Ve ilahi terbiyenin takdir ettiği sürenin sonunda nihai müeyyide geldi. Nur suresinin 2. ayeti bu müeyyideyi 100 değnek olarak ifade etti. Bu arada zina iftirasının da zinaya yakın bir suç teşkil ettiği tescillendi ve bu iftirada bulunana 80 değnek cezai müeyyide getirildi.


Allah Rasulü’nün dilinde 7 büyük günahtan biri olan zina, farklı kapsam ve tanımla da olsa daha önce de kerih görülüyordu. Hatta Yahudi kültür ve hukukunun egemen olduğu Yesrib’te (Medine) Yahudiler zinayı cezalandırıyorlardı. Fakat bunu dürüst ve adil bir biçimde yapmıyorlardı. Tevrat’ta zinanın cezası taşlama olduğu halde yoksullar ve kölelere bu cezayı uyguluyorlar, varsıllar ve soyluların sadece yüzünü boyayıp teşhir ile yetiniyorlardı.


Allah Rasulü hicretten hemen sonra kendisine getirilen bir zina davasını muhtemelen Medine Sözleşmesi’ne bağlı kalarak Yahudilerin hukukuna göre recmine hükmetmişti. Yine muhtemelen Kur’an’ın bu konudaki nihai hükmü gelmezden önce kendisine getirilen bir (bir yoruma göre iki) zina vakasını da bir önceki şeriatın hükmüyle karara bağlamıştı.

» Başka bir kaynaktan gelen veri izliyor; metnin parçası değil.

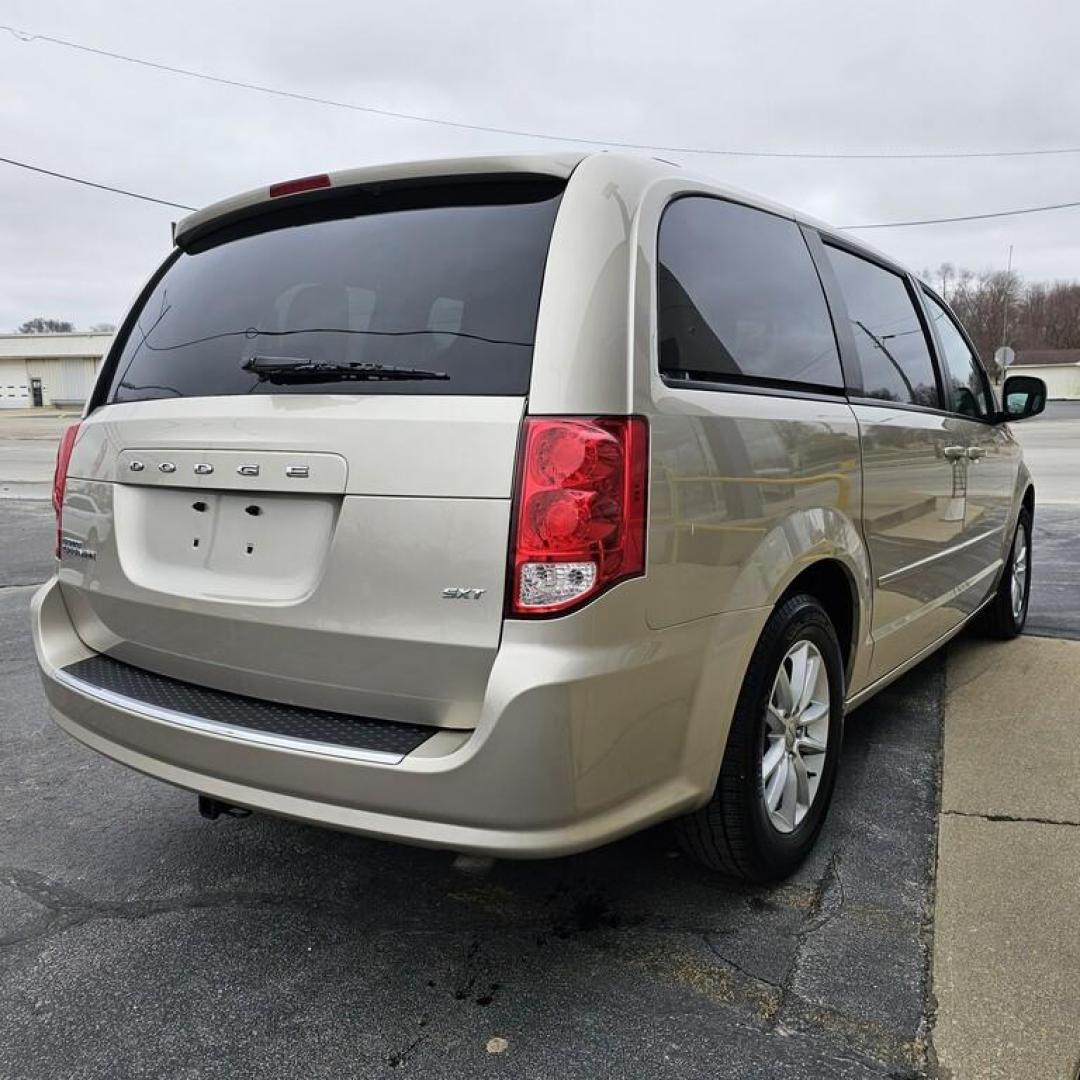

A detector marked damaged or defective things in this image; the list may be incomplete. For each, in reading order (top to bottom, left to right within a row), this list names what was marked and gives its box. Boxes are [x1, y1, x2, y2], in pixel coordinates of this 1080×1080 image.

cracked pavement [0, 501, 1075, 1075] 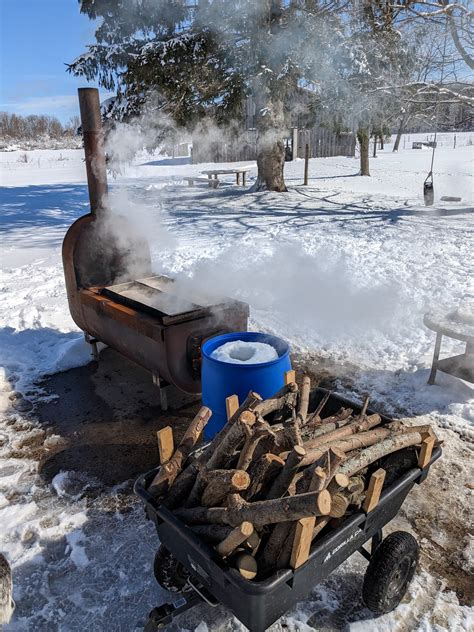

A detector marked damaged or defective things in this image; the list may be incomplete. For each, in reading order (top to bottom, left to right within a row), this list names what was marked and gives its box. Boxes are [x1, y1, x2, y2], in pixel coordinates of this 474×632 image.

rusty metal stove [62, 88, 248, 400] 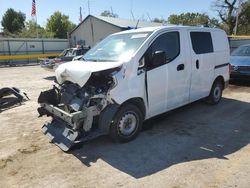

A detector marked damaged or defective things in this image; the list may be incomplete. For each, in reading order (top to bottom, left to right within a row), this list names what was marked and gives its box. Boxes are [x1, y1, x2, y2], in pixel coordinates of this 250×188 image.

damaged front end [38, 67, 120, 151]
crumpled hood [56, 60, 124, 86] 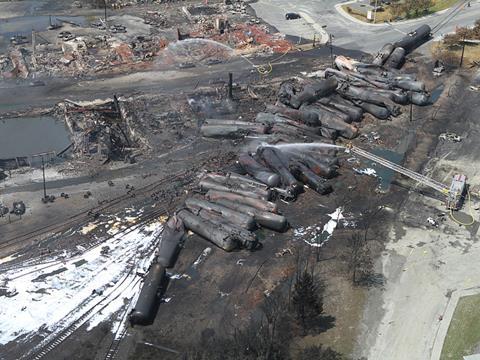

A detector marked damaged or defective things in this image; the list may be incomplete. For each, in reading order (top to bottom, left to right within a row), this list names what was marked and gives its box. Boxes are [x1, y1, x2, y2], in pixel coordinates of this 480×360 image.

burned tank car [128, 262, 166, 326]
charred debris [129, 27, 434, 326] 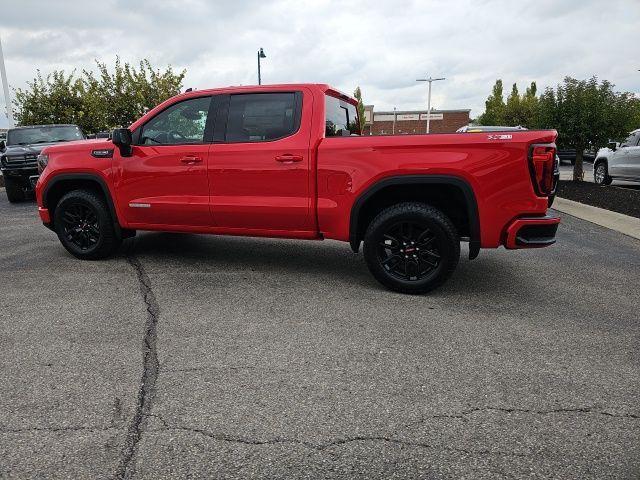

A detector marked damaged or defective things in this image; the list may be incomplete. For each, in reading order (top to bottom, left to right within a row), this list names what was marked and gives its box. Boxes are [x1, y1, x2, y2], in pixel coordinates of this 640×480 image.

crack in pavement [114, 253, 161, 478] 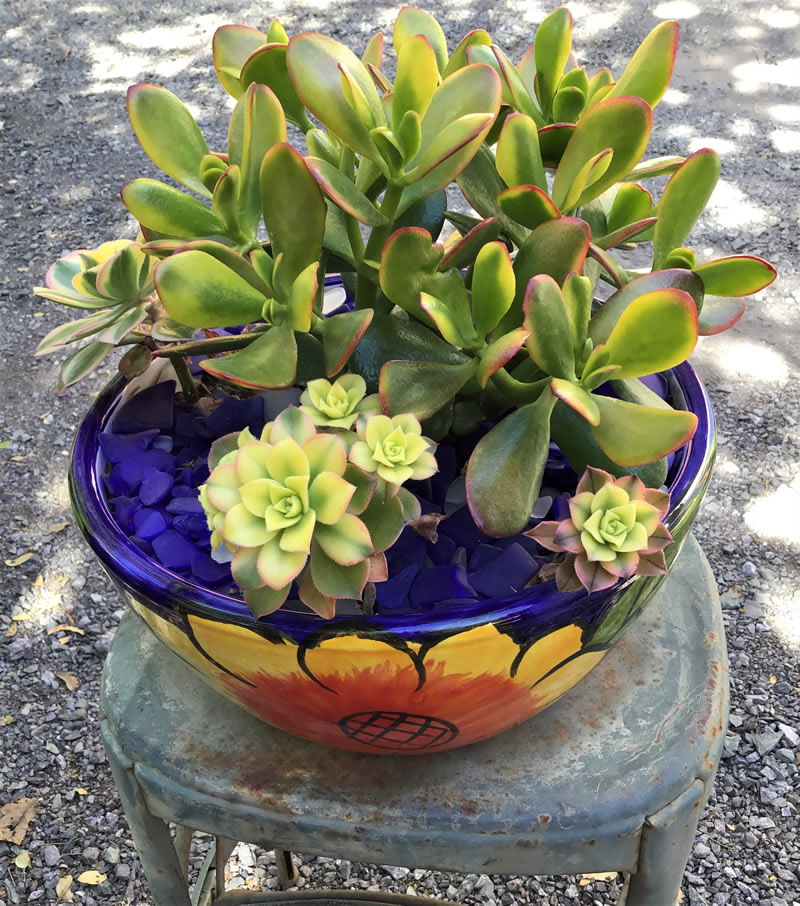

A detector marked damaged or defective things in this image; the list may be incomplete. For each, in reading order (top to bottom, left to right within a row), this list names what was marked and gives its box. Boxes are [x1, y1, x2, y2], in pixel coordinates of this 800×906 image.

rusty metal stool seat [98, 536, 724, 904] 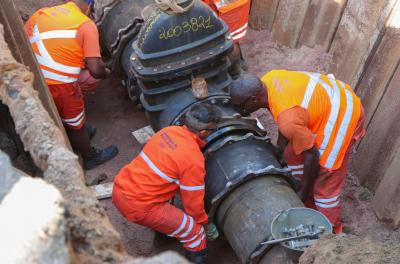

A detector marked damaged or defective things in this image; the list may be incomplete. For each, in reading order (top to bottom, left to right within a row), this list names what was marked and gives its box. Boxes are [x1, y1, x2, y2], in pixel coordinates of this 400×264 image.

rusty pipe surface [97, 1, 304, 262] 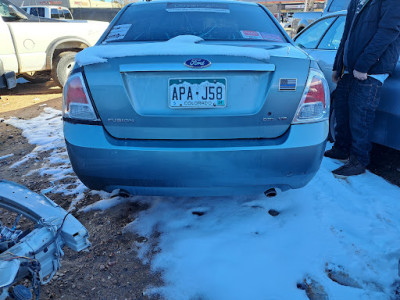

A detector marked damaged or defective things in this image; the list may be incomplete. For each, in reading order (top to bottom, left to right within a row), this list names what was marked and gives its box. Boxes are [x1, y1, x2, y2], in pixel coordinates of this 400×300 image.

damaged car part [0, 179, 90, 298] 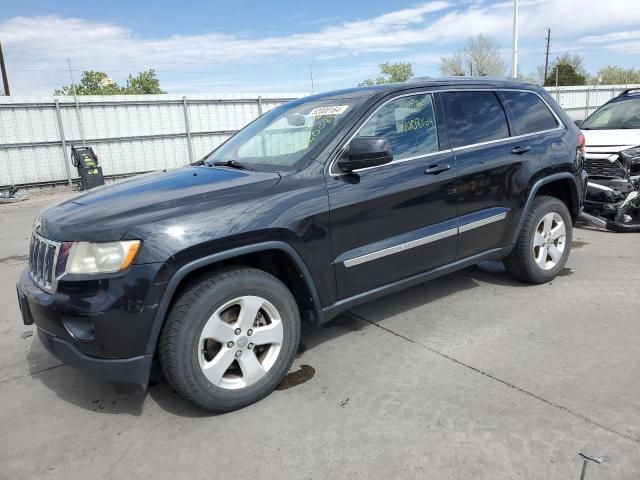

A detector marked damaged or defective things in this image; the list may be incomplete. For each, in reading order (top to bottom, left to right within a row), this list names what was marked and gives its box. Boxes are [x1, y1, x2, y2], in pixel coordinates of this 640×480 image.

damaged vehicle [580, 90, 640, 232] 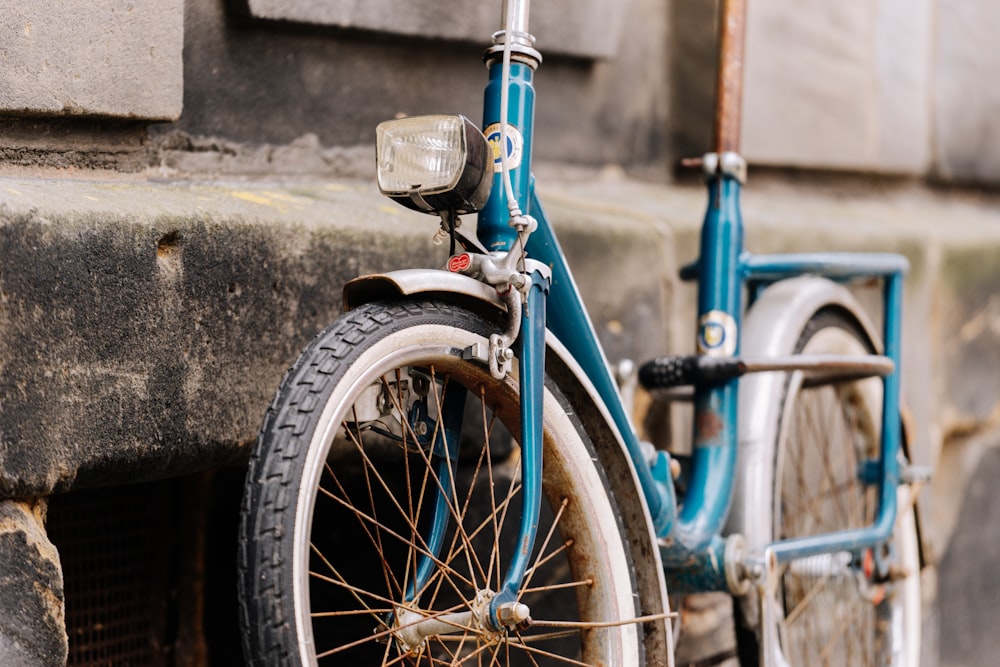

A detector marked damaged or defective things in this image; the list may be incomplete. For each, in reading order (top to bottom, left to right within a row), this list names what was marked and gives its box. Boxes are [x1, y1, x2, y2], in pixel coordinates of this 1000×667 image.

rusty metal pipe [712, 0, 752, 155] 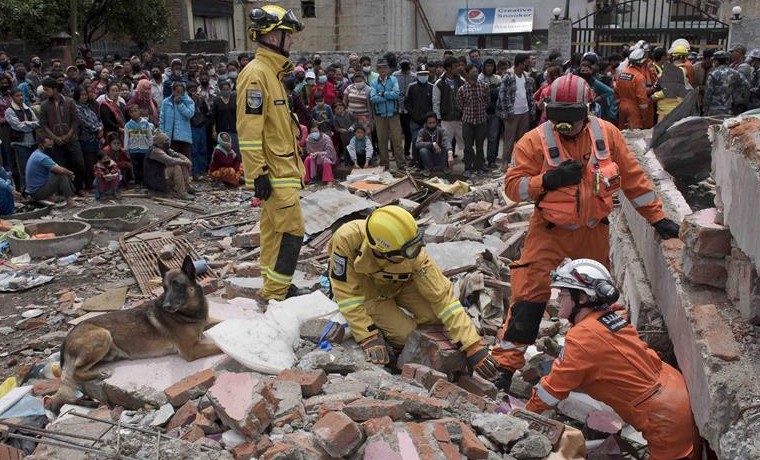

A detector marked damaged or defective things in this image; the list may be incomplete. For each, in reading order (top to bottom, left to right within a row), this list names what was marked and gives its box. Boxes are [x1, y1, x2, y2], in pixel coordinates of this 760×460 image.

broken brick [166, 400, 197, 434]
broken brick [164, 370, 217, 406]
broken brick [209, 370, 274, 438]
broken brick [278, 368, 328, 398]
broken brick [312, 410, 366, 456]
broken brick [342, 398, 406, 422]
broken brick [382, 390, 448, 418]
broken brick [458, 374, 498, 398] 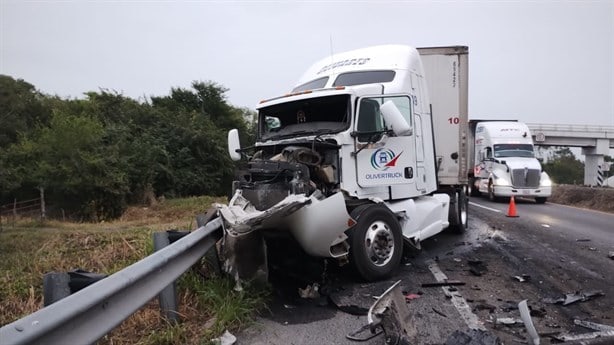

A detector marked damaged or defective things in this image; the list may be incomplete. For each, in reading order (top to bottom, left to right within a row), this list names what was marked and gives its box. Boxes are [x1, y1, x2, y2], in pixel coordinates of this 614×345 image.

Bu bir (ya da iki) zina vakasının en belirgin özelliği zina eden kişinin kendi vicdanını teskin için cezalandırılmasını ısrarla istemesiydi. “Tahhirni ya Rasulallah!” (Beni temizle ya Rasulallah!) diye defalarca yalvarıyordu zina yapan kişi. Allah Rasulü gönderiyor yine aynı ricayla geliyordu. Bunun nedeni, İslâm’ın günahkar muhataplarında dahi yeryüzünde ender görülen böylesine aktif bir iman inşa edebilmesiydi.


Zani Maiz cezanın infazı sırasında kaçmıştı. Fakat buna rağmen kalabalık takip ederek bir tür lince tabi tutmuştu. Rasulullah bundan hoşlanmadı ve “Keşke bıraksaydınız!” dedi. İnfazdan sonra zaniyi itirafa ikna eden Hezzal isimli şahsa kızgın bir şekilde “Yaptığını beğendin mi?” diye çıkışan da yine Nebi idi. Hz. Ömer “Allah’ın gizlediğini kendisi de gizleseydi ya” diyecekti. Bu olayı nakleden kaynaklar bu zina vakasının ordu seferdeyken nazik bir anda vuku bulduğu için sıra dışı bir durum olduğunu söyler. Bu doğruysa bu cezayı da istisnai saymamız gerekir ki Rasulullah’ın “ibret-i alem bir ceza”dan (nekkele bihi) bahsetmesinin gerekçesi de bu olsa gerektir. Eğer ayrı bir vaka olarak yorumlanırsa Gamidli kadın da Maiz gibi ısrarla cezalandırılmayı istemişti.


Bunlar neyin göstergesi? İslâm’ın, günahkârların yatak odalarına sokulmaya meraklı olmadığının. Yatak odalarına meraklı olanlar kimler? Ne bileyim ben. Onu da gidin, Müslim Gündüz’ün yatak odasının kapısını baltayla kıranlara sorun.